*** Opening of DATA RECORDS ***

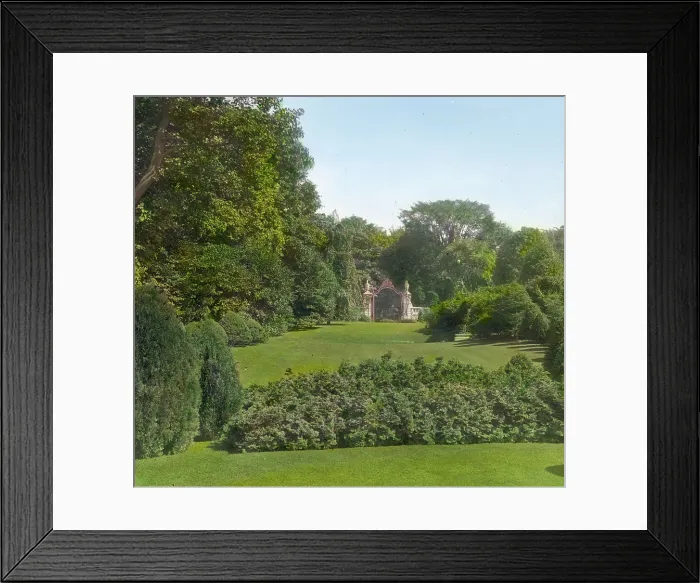 Framed Print : The Elms, Edward Julius Berwind, 367 Bellevue Avenue, Newport, Rhode Island, 1914. Creator: Frances Benjamin Johnston. The Elms, Edward Julius Berwind, 367 Bellevue Avenue, Newport, Rhode Island, 1914 Framed Print : The Elms, Edward Julius Berwind, 367 Bellevue Avenue, Newport, Rhode Island, 1914. Creator: Frances Benjamin Johnston. The Elms, Edward Julius Berwind, 367 Bellevue Avenue, Newport, Rhode Island, 1914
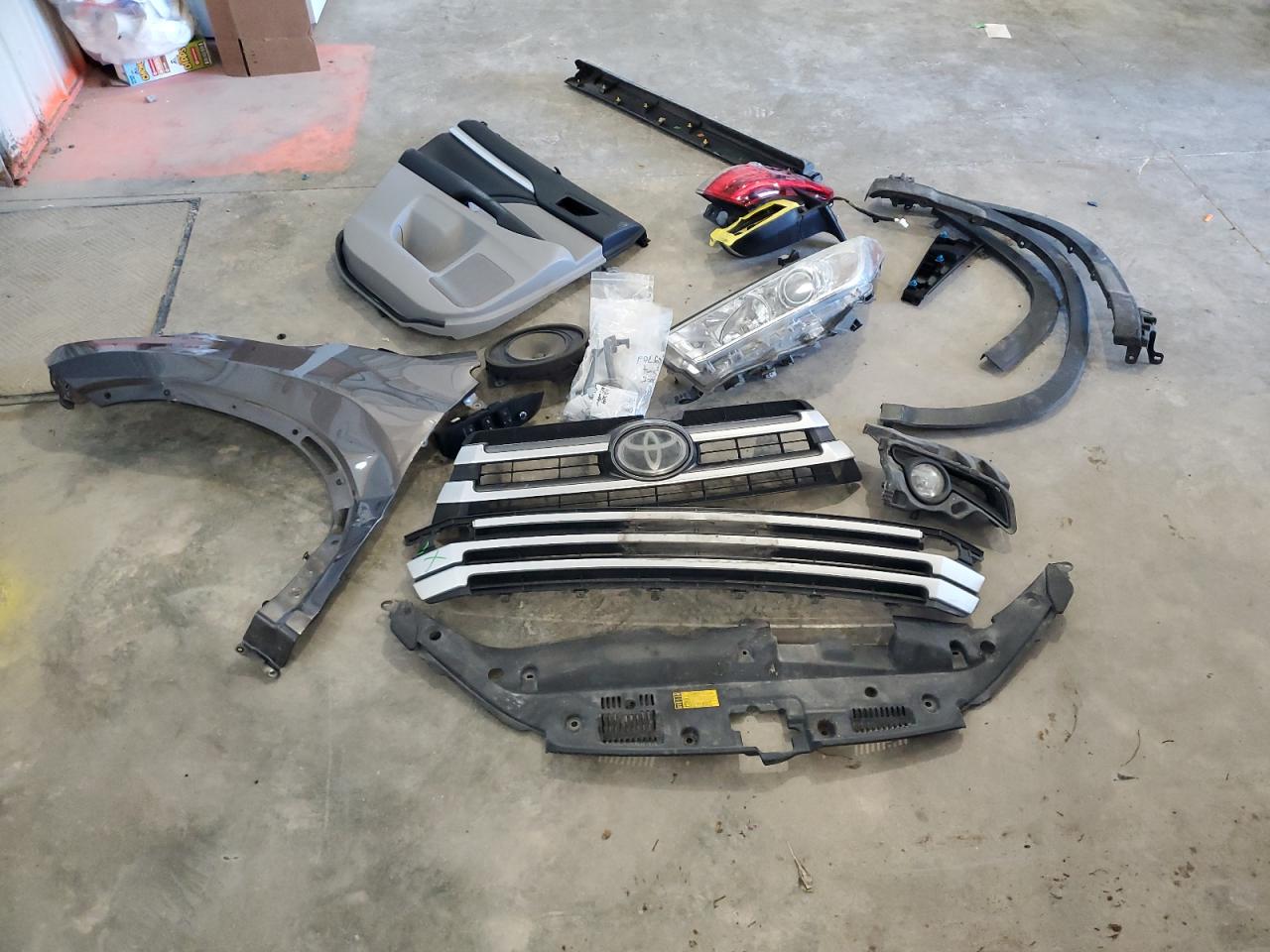 TOYOTA HIGHLANDER SE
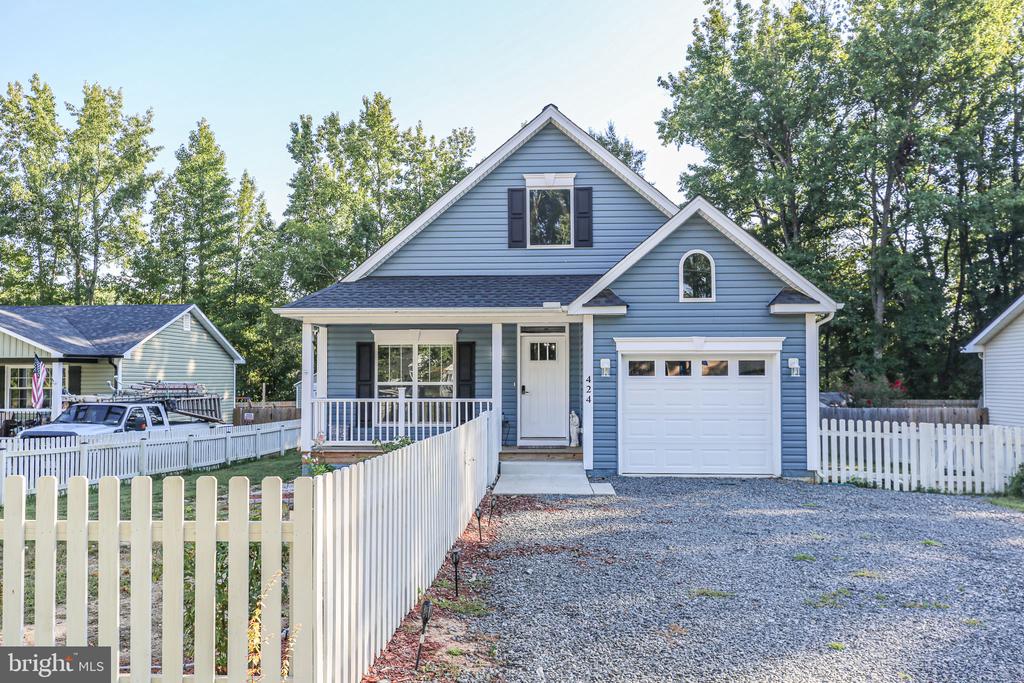 424 LAKEVIEW DRIVE
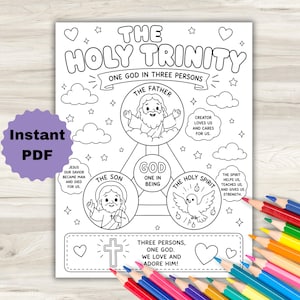 Puede incluir: Una página para colorear en blanco y negro titulada The Holy Trinity, con ilustraciones del Padre, el Hijo y el Espíritu Santo en círculos. La página incluye texto, nubes, estrellas, corazones y una cruz, con lápices de colores en la parte inferior.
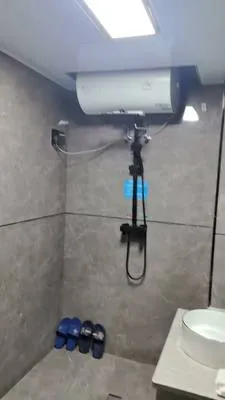 guest photo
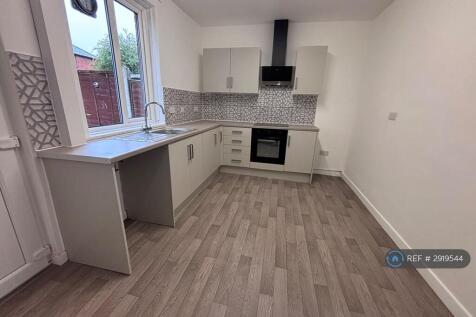 St Kilda Avenue, Bolton, BL4 photo 4
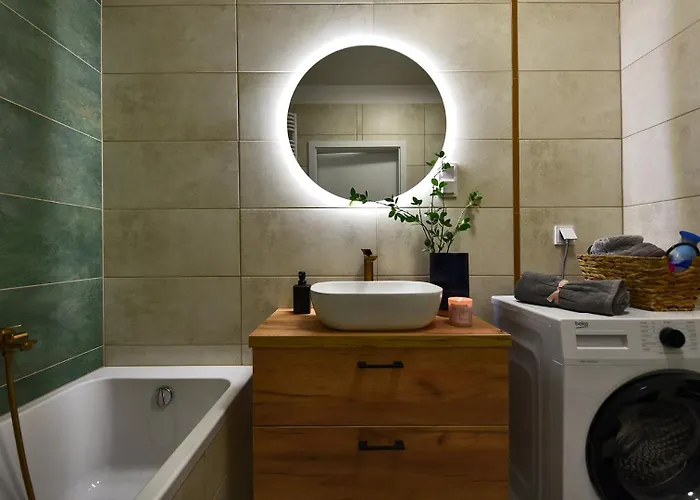 Superapart Prymasa 1000-lecia 6a, Hidden Gem - Ideal For Relaxation & Escapes *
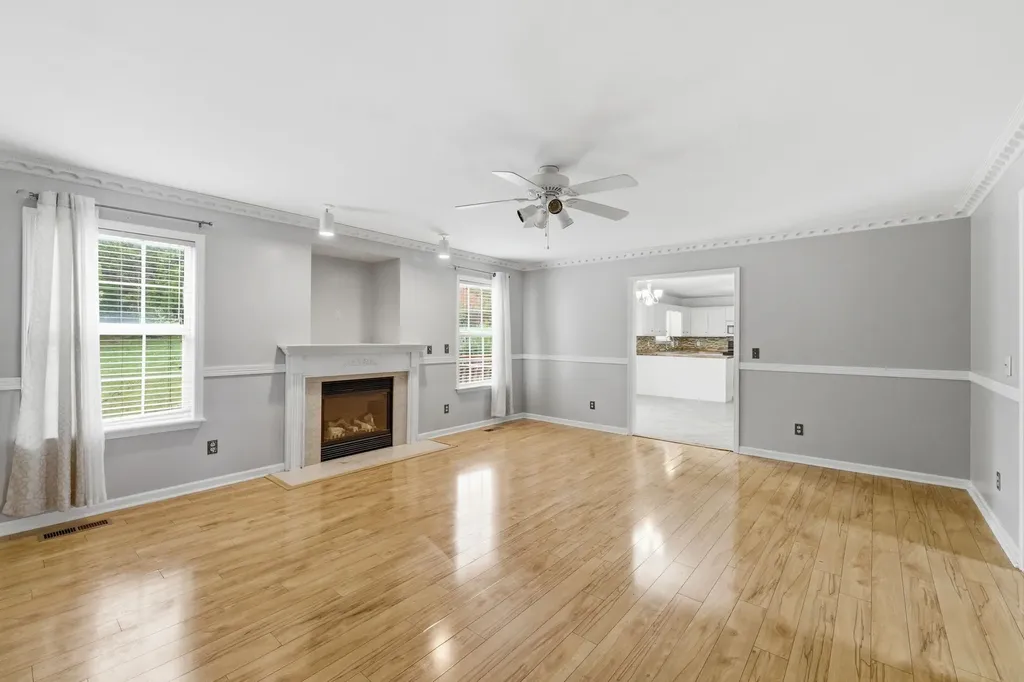 233 Briarcotes Circle La Vergne TN 37086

*** Close of DATA RECORDS ***

◆ TASK REQUIREMENTS:
Reproduce each entry exactly as given; no pictures, please.

◆ TASK RESULT:
 Framed Print : The Elms, Edward Julius Berwind, 367 Bellevue Avenue, Newport, Rhode Island, 1914. Creator: Frances Benjamin Johnston. The Elms, Edward Julius Berwind, 367 Bellevue Avenue, Newport, Rhode Island, 1914 Framed Print : The Elms, Edward Julius Berwind, 367 Bellevue Avenue, Newport, Rhode Island, 1914. Creator: Frances Benjamin Johnston. The Elms, Edward Julius Berwind, 367 Bellevue Avenue, Newport, Rhode Island, 1914
 TOYOTA HIGHLANDER SE
 424 LAKEVIEW DRIVE
 Puede incluir: Una página para colorear en blanco y negro titulada The Holy Trinity, con ilustraciones del Padre, el Hijo y el Espíritu Santo en círculos. La página incluye texto, nubes, estrellas, corazones y una cruz, con lápices de colores en la parte inferior.
 guest photo
 St Kilda Avenue, Bolton, BL4 photo 4
 Superapart Prymasa 1000-lecia 6a, Hidden Gem - Ideal For Relaxation & Escapes *
 233 Briarcotes Circle La Vergne TN 37086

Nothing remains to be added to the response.